A college reached out yesterday about a performance issue they were hitting when working with the Microsoft Building Footprints dataset we host on the Planetary Computer. They wanted to get the building footprints for a small section of Turkey, but noticed that the performance was relatively slow and it seemed like a lot of data was being read.

This post details how we debugged what was going on, and the steps we took to fix it.

The problem

First, my college sent a minimal, complete, and verifiable example of the problem. This let me very easily reproduce it. From his report, the first thing I suspected was an issue with the spatial partitioning. The files were supposed to be partitioned by quadkey, so that all the building footprints in a single area are in the same partition. Then spatial queries will be very fast: you only need to load a small subset of the data.

When I benchmarked things, it took about:

  1. 16 seconds to read the metadata with dask_geopandas.read_parquet
  2. 60 seconds to read the data and clip it to the area of interest

Looking at the spatial partitions of the data showed that it was clearly not spatially partitioned:

non-partitioned

It’s clearer zoomed in, but the box is a bit fuzzy because it’s actually a bunch of boxes with very slightly different extents.

Turns out we dropped a few of the newer ms-buildings STAC items, which were spatially partitioned, during our last release. Oops. (Don’t worry, we’re working on a better system for this.)

Once I got those items re-ingested, things did look better.

partitioned

It wasn’t all good news, though. Our timings went to

  1. 56 seconds to read the metadata with dask_geopandas.read_parquet (ouch)
  2. 0.5 seconds to read the data and clip it to the area of interest (yay!)

The speedup from 60 seconds to 0.5 seconds is exactly why we want to spatially partition the data. When you’re querying for a small area of interest, the spatially partitioned data means you can ignore most of the data and speed things up a lot. But what’s going on with the slowdown for the first stage (reading metadata)?

The spatially partitioned dataset also had many more partitions in the Parquet dataset, i.e. many more individual files in Blob Storage (a few hundred instead of 5-6). At the moment, dask-geopandas needs to open each individual file to read its spatial bounds. That was fine when we only had a few files, but when you have a few hundred the small amount of time it takes to read each file adds up. In this case, it added up to about 56 seconds of waiting just to read the metadata.

Speeding up the metadata reading

To speed up the metadata reading, we use the tried-and-true method of parallelizing it with Dask (yes, we’re using Dask to speed up Dask). Instead of doing a dask_geopandas.read_parquet on the client (which in turn executes some pyarrow.parquet stuff to read the fragments and get the metadata from each file) in serial, we’ll run a bunch of dask_geopandas.read_parquet calls on the cluster in parallel (I’m just using a LocalCluster in this example).

The snippet below re-uses dask_geopandas.read_parquet, but applies it in parallel using client.map.
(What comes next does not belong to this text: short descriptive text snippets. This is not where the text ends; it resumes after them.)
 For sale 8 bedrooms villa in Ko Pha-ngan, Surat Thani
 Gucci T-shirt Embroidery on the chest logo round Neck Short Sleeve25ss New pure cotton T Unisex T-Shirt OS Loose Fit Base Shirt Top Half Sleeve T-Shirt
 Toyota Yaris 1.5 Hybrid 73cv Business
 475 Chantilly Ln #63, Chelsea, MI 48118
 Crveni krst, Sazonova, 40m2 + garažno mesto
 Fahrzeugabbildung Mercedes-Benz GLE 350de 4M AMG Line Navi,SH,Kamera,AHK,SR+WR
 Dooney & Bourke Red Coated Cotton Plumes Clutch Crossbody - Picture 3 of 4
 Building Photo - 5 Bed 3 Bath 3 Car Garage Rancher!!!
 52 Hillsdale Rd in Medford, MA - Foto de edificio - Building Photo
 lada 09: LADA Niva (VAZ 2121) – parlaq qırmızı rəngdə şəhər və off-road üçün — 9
We’ll make a bunch of Dask DataFrames on the cluster (one per file) and then we use client.gather to bring back the Dask DataFrames (just the metadata, not the data!) to the client and concat them together into one big Dask DataFrame.

There’s a small bug in dask-geopandas around serializing the spatial partitions on a Dask GeoDataFrame. Once my fix is merged then this will be a bit cleaner: everything to do with spatial_partitions can be deleted and you’re just left with reading the metadata on the cluster, bringing it back to the client, and concatenating at the end.

import distributed
import dask_geopandas
import dask.dataframe as dd
import fsspec


def read_parquet(paths, storage_options):
    client = distributed.get_client()

    # Read each partition's metadata on the cluster
    df_futures = client.map(
        dask_geopandas.read_parquet, paths, storage_options=storage_options
    )

    # workaround https://github.com/geopandas/dask-geopandas/issues/237
    def get_spatial_partitions(x):
        return x.spatial_partitions

    spatial_partitions_futures = client.map(get_spatial_partitions, df_futures)
    
    # Pull back locally. This takes the most time, waiting for computation
    dfs, spatial_partitions = client.gather([df_futures, spatial_partitions_futures])
    
    for df, sp in zip(dfs, spatial_partitions):
        df.spatial_partitions = None

    full_country = dd.concat(dfs)
    full_country.spatial_partitions = pd.concat(spatial_partitions, ignore_index=True)

    return full_country

We get the paths with something like

>>> fs, token, [root] = fsspec.get_fs_token_paths(asset.href, storage_options=asset.extra_fields["table:storage_options"])
# Get the raw paths (fast enough to do this locally. Could be done on the cluster too)
>>> paths = [f"az://{p}" for p in fs.ls(root)]

Note that there’s an open issue on Dask to do this kind of thing by default.

Overall, we brought the metadata read time down the 30 seconds (which would be faster with more workers). Still not great, but an improvement. At some point we’ll need to embrace a broader solution to this metadata access issue using something like Apache Iceberg.

See this example notebook for the full thing.